* Required action:
I'd ask you to write out the lines below exactly, with no images.

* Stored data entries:
******
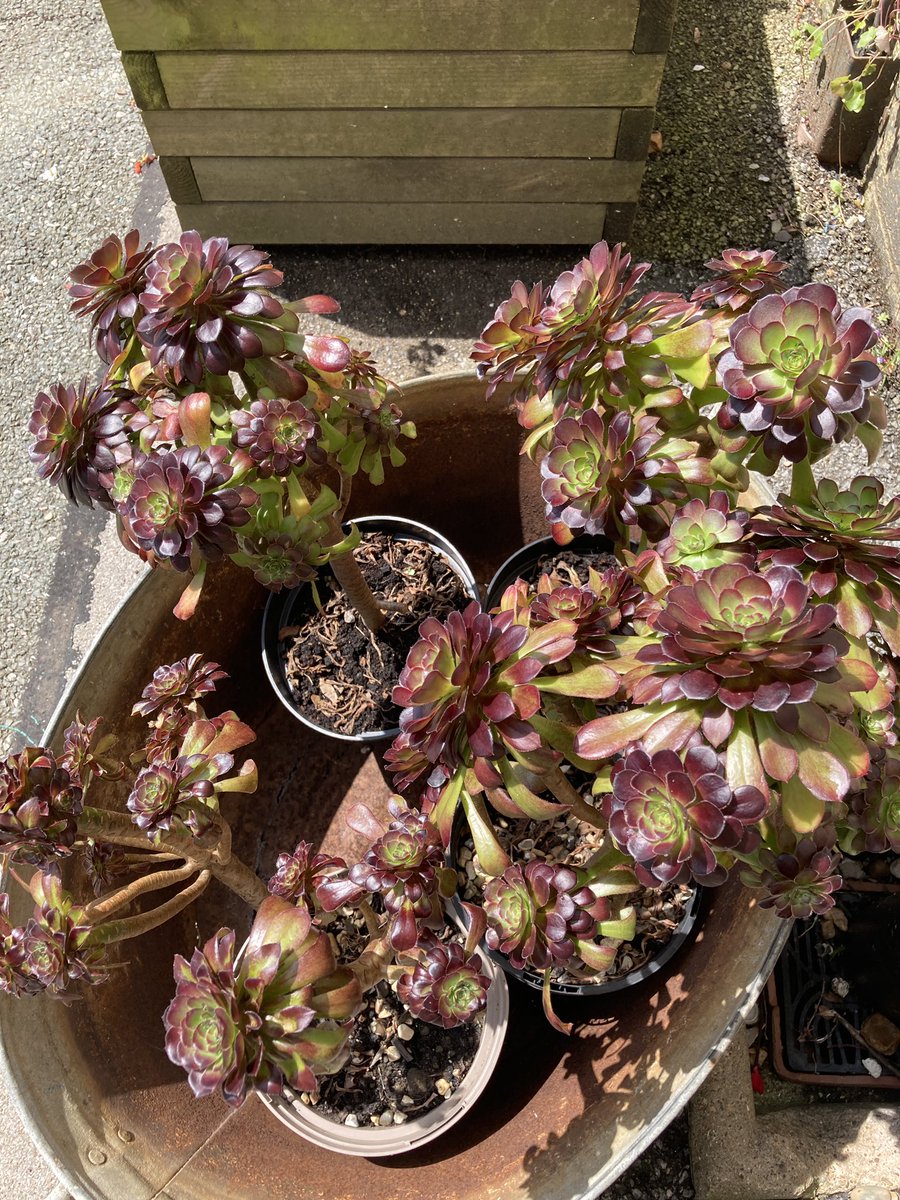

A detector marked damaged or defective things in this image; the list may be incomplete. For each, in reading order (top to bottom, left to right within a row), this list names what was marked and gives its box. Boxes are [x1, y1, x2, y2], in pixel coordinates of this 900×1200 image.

rusty metal tub [0, 372, 787, 1200]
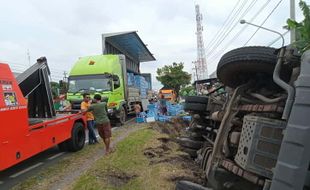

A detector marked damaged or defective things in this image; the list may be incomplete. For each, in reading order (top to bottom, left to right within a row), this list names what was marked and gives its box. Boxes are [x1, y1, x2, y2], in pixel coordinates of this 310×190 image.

overturned truck [182, 46, 310, 190]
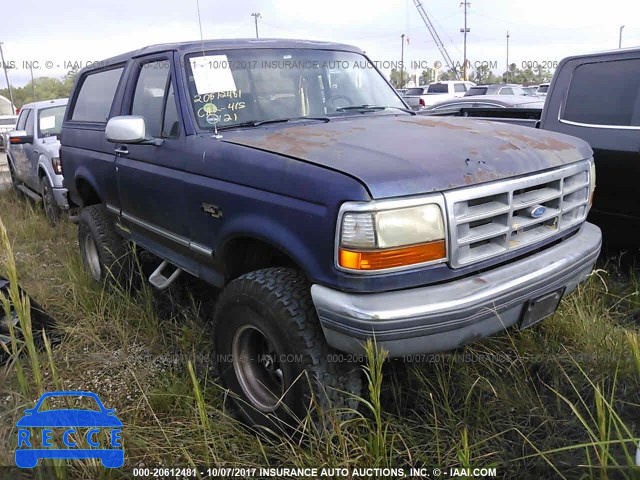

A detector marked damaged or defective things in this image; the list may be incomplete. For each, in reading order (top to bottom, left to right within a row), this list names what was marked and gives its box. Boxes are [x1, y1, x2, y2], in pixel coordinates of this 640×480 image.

rusty hood [221, 113, 596, 198]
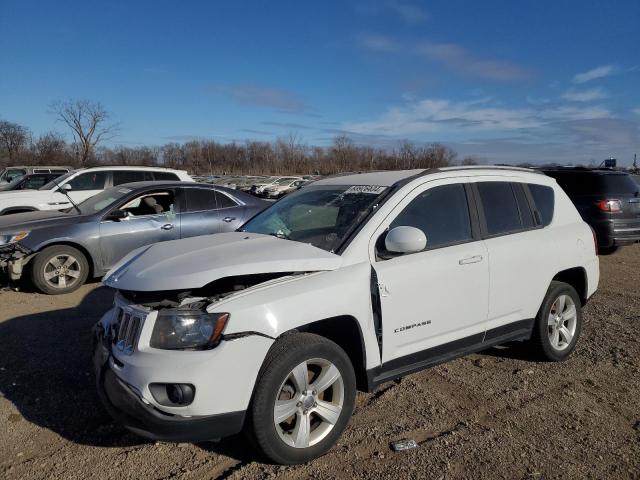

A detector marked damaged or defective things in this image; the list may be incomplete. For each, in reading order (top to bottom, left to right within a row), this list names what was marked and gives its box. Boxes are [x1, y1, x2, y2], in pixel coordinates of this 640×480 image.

crumpled hood [0, 210, 83, 232]
damaged front bumper [0, 244, 32, 282]
crumpled hood [104, 231, 344, 290]
broken headlight [150, 310, 230, 350]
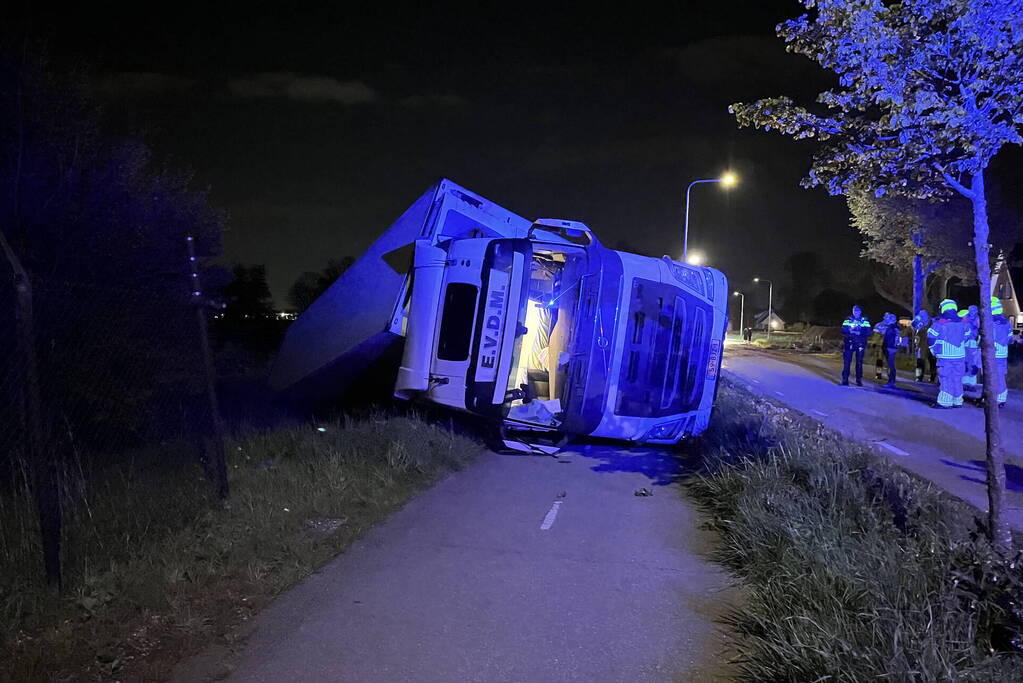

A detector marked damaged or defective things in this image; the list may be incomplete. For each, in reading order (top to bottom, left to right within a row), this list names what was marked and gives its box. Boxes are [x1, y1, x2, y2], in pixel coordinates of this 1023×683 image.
******
* Expected answer:
A detector marked damaged or defective things in this image; the list may be incomplete. For each, in reading order (top to bottom, left to right within a row), this list names what was marked and gives its box. Boxes are [x1, y1, x2, y2], in pixel coordinates of this 900×1200 image.

rusty metal tub [0, 372, 787, 1200]

A detector marked damaged or defective things in this image; the list may be incomplete. For each, in reading order (top to bottom, left to right within a row), this list names what was marked and gives its box. Boxes are [x1, y1, x2, y2], in pixel coordinates of this 310×190 image.

overturned truck [182, 46, 310, 190]

A detector marked damaged or defective things in this image; the list may be incomplete. For each, in reading order (top to bottom, left to right within a row), this list names what was marked and gives its box. Boxes are [x1, y1, x2, y2], in pixel coordinates of this 640×480 image.

rusty hood [221, 113, 596, 198]

A detector marked damaged or defective things in this image; the list may be incomplete. For each, in reading order (top to bottom, left to right within a row), this list names what was marked and gives its box. Boxes are [x1, y1, x2, y2], in pixel coordinates of this 640×480 image.

crumpled hood [0, 210, 83, 232]
damaged front bumper [0, 244, 32, 282]
crumpled hood [104, 231, 344, 290]
broken headlight [150, 310, 230, 350]

A detector marked damaged or defective things in this image; the list may be incomplete. For each, in reading order (top to bottom, left to right within a row), this list names what was marked and gives its box. Boxes are [x1, y1, x2, y2], in pixel coordinates of this 1023×683 image.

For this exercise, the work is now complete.